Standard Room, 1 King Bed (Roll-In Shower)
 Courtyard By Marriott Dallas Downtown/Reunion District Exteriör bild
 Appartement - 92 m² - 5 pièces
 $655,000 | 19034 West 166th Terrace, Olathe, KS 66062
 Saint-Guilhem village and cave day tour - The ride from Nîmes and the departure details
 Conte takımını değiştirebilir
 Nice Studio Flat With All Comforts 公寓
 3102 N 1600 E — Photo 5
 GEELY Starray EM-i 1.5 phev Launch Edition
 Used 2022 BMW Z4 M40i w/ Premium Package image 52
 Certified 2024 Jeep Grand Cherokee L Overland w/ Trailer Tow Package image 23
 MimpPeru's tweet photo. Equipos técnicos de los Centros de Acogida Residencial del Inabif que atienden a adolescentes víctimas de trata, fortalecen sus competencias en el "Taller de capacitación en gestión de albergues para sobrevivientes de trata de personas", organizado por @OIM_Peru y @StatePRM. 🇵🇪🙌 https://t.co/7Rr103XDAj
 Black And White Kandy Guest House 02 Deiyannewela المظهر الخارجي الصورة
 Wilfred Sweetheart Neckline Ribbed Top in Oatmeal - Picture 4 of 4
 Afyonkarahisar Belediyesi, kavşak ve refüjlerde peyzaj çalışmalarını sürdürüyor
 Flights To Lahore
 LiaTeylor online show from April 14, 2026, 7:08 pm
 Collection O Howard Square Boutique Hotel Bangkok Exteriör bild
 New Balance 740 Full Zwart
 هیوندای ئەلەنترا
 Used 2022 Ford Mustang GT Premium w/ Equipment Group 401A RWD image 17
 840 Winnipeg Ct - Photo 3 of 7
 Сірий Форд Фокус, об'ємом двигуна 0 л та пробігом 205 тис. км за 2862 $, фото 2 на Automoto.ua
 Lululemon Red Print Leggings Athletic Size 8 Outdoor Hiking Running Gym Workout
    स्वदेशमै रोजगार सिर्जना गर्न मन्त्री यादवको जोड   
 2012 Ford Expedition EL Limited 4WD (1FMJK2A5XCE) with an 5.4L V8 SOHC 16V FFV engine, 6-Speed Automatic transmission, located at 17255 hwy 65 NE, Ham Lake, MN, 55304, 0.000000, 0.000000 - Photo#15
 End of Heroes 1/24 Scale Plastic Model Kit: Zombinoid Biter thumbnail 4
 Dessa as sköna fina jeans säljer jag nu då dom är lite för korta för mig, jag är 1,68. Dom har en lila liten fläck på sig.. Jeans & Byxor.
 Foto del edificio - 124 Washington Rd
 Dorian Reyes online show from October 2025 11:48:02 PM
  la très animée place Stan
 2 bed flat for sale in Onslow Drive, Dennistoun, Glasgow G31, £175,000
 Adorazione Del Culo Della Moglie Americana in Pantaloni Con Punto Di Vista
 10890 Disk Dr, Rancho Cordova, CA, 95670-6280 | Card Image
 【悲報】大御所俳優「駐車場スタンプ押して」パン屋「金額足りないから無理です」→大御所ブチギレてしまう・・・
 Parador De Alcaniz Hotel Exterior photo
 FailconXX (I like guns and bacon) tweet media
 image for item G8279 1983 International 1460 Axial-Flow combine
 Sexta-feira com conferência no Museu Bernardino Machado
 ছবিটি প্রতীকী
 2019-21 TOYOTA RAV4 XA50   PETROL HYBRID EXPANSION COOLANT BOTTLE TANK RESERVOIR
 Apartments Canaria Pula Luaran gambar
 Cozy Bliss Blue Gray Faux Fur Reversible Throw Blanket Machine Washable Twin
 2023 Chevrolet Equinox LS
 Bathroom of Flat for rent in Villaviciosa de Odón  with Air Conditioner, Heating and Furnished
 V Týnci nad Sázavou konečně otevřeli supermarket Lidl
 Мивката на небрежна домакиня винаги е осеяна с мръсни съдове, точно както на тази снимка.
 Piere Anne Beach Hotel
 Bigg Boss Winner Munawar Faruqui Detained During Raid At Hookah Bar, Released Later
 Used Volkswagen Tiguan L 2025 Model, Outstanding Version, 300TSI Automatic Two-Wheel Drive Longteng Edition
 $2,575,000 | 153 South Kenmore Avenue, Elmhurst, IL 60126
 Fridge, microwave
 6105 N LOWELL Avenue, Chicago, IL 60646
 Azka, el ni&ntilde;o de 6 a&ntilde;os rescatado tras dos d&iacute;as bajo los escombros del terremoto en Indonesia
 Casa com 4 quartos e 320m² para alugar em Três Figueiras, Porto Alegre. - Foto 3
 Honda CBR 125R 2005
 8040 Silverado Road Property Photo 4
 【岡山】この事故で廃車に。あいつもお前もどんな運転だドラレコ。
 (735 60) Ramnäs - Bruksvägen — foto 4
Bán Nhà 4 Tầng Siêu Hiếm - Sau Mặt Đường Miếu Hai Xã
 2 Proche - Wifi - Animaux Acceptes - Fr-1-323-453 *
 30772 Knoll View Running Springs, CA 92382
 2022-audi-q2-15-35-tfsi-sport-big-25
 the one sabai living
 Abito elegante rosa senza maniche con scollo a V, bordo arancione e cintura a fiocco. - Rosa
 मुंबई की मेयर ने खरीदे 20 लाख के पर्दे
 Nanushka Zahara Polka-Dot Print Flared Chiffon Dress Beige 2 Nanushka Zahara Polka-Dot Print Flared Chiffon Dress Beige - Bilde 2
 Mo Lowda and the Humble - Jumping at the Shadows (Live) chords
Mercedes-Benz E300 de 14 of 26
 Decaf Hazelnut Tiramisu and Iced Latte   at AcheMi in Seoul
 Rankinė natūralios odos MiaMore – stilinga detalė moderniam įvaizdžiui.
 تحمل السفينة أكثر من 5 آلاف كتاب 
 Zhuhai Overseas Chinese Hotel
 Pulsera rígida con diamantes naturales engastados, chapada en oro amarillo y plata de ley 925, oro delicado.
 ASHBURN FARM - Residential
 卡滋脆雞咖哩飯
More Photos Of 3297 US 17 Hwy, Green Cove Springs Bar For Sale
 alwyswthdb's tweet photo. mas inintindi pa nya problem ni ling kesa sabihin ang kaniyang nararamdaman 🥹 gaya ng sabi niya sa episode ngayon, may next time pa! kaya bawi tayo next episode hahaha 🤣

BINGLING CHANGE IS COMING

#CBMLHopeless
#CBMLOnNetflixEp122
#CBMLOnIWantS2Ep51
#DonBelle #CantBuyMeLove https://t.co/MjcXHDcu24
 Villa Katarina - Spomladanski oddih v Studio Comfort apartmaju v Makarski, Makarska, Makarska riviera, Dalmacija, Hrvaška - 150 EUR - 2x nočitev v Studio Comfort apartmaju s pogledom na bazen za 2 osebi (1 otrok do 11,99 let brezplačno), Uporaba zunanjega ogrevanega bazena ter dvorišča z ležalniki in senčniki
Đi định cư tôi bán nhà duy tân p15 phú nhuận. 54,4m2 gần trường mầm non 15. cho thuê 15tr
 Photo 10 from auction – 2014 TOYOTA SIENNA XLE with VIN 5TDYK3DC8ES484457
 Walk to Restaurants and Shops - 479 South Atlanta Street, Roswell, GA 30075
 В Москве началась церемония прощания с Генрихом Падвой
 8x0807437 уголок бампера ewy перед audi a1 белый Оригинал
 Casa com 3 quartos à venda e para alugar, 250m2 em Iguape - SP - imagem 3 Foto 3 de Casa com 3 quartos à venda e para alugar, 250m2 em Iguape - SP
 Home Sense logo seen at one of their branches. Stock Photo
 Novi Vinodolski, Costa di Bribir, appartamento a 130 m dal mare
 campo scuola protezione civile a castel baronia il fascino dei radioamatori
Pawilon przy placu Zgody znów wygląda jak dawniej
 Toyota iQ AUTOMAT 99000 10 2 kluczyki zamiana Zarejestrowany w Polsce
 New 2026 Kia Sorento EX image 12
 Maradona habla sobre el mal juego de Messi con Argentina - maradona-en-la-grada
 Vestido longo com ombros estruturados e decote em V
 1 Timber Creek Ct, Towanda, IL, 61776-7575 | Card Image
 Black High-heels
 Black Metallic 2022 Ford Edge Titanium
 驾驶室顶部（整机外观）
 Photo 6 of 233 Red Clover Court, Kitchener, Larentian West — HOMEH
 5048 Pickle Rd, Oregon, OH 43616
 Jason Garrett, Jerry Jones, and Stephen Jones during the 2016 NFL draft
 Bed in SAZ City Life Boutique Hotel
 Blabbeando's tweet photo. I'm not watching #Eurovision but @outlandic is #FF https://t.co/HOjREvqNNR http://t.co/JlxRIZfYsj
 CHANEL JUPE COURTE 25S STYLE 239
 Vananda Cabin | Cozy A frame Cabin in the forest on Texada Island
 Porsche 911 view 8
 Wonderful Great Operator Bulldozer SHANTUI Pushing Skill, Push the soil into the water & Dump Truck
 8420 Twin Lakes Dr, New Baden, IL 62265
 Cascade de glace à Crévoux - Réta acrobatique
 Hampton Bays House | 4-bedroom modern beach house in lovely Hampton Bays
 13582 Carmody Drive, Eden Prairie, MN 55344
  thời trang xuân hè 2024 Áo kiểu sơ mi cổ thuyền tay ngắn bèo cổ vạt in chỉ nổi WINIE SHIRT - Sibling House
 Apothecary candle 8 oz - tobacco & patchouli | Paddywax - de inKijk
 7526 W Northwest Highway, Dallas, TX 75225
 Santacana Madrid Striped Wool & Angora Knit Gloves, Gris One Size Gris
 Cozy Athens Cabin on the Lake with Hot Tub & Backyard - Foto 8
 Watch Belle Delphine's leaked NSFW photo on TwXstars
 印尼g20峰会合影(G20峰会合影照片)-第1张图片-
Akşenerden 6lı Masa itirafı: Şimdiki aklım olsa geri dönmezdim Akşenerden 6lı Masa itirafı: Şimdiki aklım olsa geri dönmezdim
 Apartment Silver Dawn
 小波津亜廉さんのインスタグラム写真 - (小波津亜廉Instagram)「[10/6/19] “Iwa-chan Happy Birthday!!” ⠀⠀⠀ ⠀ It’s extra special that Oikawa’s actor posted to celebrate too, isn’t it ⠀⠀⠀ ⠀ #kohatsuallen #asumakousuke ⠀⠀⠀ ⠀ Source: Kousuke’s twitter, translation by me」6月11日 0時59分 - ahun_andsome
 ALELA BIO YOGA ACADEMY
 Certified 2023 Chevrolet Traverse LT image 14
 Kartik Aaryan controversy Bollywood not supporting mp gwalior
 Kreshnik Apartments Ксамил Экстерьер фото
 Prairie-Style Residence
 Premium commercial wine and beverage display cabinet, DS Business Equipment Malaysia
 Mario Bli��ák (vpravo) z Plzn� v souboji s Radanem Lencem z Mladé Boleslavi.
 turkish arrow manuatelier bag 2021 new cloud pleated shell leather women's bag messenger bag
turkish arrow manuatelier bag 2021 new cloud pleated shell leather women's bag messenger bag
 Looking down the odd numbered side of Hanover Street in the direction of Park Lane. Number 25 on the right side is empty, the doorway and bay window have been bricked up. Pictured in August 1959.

### WHAT TO DO
Return exactly the lines above from the line that has "Wilfred Sweetheart Neckline" through the line that has "840 Winnipeg Ct - Photo 3 of 7", inclusive, and nothing else.

### ANSWER BELOW
 Wilfred Sweetheart Neckline Ribbed Top in Oatmeal - Picture 4 of 4
 Afyonkarahisar Belediyesi, kavşak ve refüjlerde peyzaj çalışmalarını sürdürüyor
 Flights To Lahore
 LiaTeylor online show from April 14, 2026, 7:08 pm
 Collection O Howard Square Boutique Hotel Bangkok Exteriör bild
 New Balance 740 Full Zwart
 هیوندای ئەلەنترا
 Used 2022 Ford Mustang GT Premium w/ Equipment Group 401A RWD image 17
 840 Winnipeg Ct - Photo 3 of 7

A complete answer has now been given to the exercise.